Three Types of Color Palettes

Color palette selection is not aesthetic preference—it encodes information. Using the wrong palette type misleads viewers by implying relationships that don't exist.

Sequential

Light → Dark. For ordered data with no midpoint: population density, poverty rates, coverage percentages.

Diverging

Color ← Neutral → Color. For data with meaningful midpoint: change from baseline, deviation from target, above/below average.

Categorical

Distinct hues. For unordered groups: regions, program types, demographic categories. Maximum ~7-8 distinguishable colors.

Module 05

Chart Selection Frameworks & Common Mistakes

Use evidence-based frameworks to select chart types. Identify and correct the most common visualization errors found in development sector reports.

The Grammar of Graphics

Leland Wilkinson's Grammar of Graphics (1999) provides the theoretical foundation underlying ggplot2, Vega-Lite, and modern visualization thinking. Understanding this grammar enables creating novel chart types, not just selecting from menus.

Components of a Graphic

Any visualization decomposes into: Data → Transformations → Coordinate System → Scales → Geometric Elements → Guides → Facets. Master these building blocks and you can construct any chart.

Module 06

Design Process Style Guides & Iteration

Apply iterative design methodology. Develop organizational style guide components that institutionalize visualization practice beyond individual skill.

The Design Sprint Methodology

Following Harvard CS171's approach, effective visualization emerges from structured iteration: paper sketching before digital tools, multiple alternatives before committing, structured critique at each stage.

1. Sketch

Paper prototypes first. No software until you've explored 3+ approaches by hand.

2. Prototype

Build functional draft in your tool of choice. Focus on data, not polish.

3. Critique

Structured feedback using specific criteria. Not "I like/don't like" but evidence-based review.

4. Refine

Iterate based on feedback. Polish only after structure and message are validated.

Module 07

Storytelling Narrative & Audience

Apply Cole Nussbaumer Knaflic's six lessons systematically. Design for specific audiences— donors, communities, policymakers—with appropriate narrative structures.
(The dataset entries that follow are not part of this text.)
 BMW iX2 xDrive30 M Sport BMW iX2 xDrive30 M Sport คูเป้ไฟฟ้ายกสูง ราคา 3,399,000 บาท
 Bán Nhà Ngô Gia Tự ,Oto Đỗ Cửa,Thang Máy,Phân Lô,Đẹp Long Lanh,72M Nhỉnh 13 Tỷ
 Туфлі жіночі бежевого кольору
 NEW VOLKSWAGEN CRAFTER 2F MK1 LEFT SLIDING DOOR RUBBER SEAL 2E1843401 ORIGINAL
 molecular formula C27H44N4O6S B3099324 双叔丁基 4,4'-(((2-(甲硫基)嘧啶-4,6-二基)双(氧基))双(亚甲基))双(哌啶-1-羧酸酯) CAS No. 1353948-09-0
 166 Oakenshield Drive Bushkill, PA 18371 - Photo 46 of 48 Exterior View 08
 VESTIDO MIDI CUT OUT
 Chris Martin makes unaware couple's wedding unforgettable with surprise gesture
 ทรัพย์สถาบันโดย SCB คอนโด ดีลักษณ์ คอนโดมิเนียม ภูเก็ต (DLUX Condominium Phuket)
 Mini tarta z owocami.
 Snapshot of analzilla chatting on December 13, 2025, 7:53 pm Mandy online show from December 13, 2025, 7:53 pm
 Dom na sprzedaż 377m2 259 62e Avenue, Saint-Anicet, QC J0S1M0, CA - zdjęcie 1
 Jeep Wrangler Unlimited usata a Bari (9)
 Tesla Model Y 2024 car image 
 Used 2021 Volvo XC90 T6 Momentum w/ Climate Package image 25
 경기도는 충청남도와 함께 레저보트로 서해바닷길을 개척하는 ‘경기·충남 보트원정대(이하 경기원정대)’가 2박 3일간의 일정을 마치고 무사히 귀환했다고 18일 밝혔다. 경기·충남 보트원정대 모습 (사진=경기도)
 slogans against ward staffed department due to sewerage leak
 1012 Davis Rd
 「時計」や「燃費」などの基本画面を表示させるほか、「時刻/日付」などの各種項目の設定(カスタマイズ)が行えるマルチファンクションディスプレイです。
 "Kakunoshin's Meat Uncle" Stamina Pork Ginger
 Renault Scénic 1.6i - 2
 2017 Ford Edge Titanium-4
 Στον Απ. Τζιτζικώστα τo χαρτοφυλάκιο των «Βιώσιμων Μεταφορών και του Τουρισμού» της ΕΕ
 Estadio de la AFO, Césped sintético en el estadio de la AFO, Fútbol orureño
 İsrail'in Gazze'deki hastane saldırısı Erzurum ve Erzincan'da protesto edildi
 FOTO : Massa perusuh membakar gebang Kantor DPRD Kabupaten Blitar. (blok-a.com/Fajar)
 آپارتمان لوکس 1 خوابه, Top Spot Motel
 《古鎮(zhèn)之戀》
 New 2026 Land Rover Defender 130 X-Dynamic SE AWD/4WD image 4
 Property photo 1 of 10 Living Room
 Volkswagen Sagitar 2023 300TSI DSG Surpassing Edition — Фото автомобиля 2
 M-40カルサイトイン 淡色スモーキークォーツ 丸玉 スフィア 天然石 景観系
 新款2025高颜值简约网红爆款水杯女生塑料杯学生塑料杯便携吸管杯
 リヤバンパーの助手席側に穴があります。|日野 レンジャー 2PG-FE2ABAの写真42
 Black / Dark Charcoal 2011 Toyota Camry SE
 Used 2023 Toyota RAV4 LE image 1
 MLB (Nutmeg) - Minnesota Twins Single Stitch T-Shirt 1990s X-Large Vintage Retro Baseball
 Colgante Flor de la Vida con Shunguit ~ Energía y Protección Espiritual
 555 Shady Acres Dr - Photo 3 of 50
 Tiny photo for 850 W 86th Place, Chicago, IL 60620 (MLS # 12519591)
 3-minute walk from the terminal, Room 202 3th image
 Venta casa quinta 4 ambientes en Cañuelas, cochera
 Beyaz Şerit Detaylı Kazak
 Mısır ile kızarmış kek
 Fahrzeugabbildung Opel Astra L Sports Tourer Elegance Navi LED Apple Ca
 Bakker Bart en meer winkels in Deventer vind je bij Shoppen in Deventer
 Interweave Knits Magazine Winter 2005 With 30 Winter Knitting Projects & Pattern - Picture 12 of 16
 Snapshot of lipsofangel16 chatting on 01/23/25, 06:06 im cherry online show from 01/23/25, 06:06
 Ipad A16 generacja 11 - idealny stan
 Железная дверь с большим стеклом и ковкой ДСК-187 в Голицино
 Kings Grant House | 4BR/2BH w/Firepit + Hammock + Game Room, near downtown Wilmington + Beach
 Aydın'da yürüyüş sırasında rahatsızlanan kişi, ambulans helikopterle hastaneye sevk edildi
The Six Lessons of Storytelling with Data

Cole Nussbaumer Knaflic's framework provides a systematic approach to data communication that transforms charts into stories.

1. Understand Context

Who is your audience? What do they need to know or do? What's the desired action?

2. Choose Display

Match visualization to message: simple text for 1-2 numbers, lines for trends, bars for comparisons.

3. Eliminate Clutter

Reduce cognitive load. Remove non-strategic elements that don't serve the message.

4. Draw Attention

Use preattentive attributes (color, size, position) strategically to guide the eye.

5. Think Like Designer

Affordances, accessibility, visual hierarchy. Design for how people actually perceive.

6. Tell a Story

Beginning-middle-end structure. Narrative arc with tension and resolution.

Module 08

Tool Landscape Selection & Evaluation

Survey the visualization tool ecosystem. Evaluate tools against specific use cases and understand when each is appropriate.

Tool Selection Matrix

Every tool has trade-offs. The right choice depends on your skill level, output format, reproducibility needs, and organizational context.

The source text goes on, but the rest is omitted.